§ Instructions to follow: Each line below should be repeated exactly as written, with no pictures carried over.

§ Data excerpt:
************
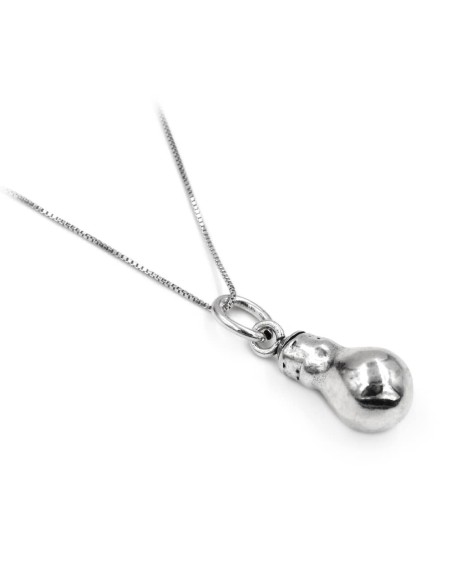 Bracciale Catena Donna in Argento 925 Rodiato con Ciondolo Doppio Cuore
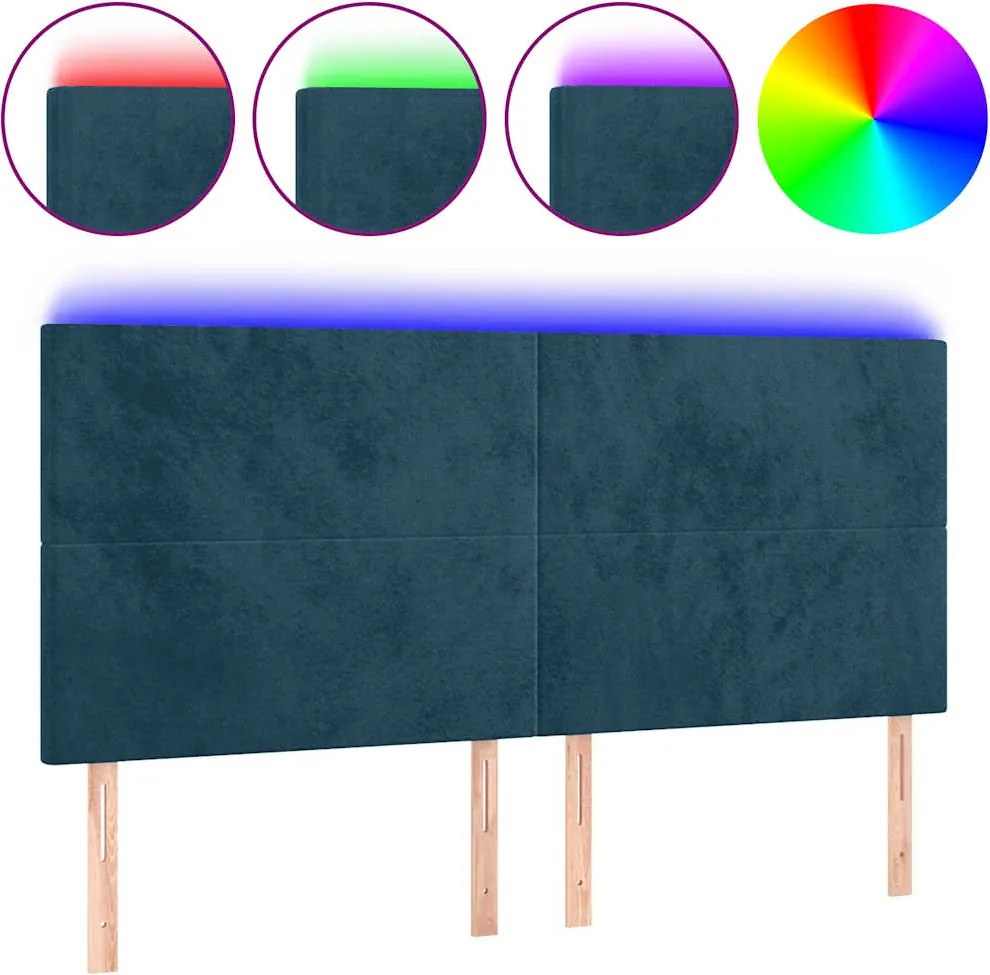 vidaXL sötétkék bársony LED-es fejtámla 180x5x118/128 cm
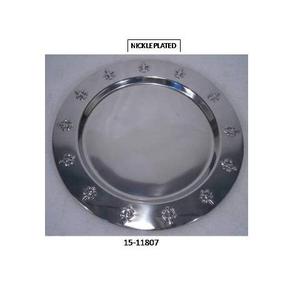 Plaque de chargeur en métal nickelé en relief et martelé pour mariage, anniversaire et autres cadeaux d'occasion - Product Image 1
************
§ Solution to this task:
 Bracciale Catena Donna in Argento 925 Rodiato con Ciondolo Doppio Cuore
 vidaXL sötétkék bársony LED-es fejtámla 180x5x118/128 cm
 Plaque de chargeur en métal nickelé en relief et martelé pour mariage, anniversaire et autres cadeaux d'occasion - Product Image 1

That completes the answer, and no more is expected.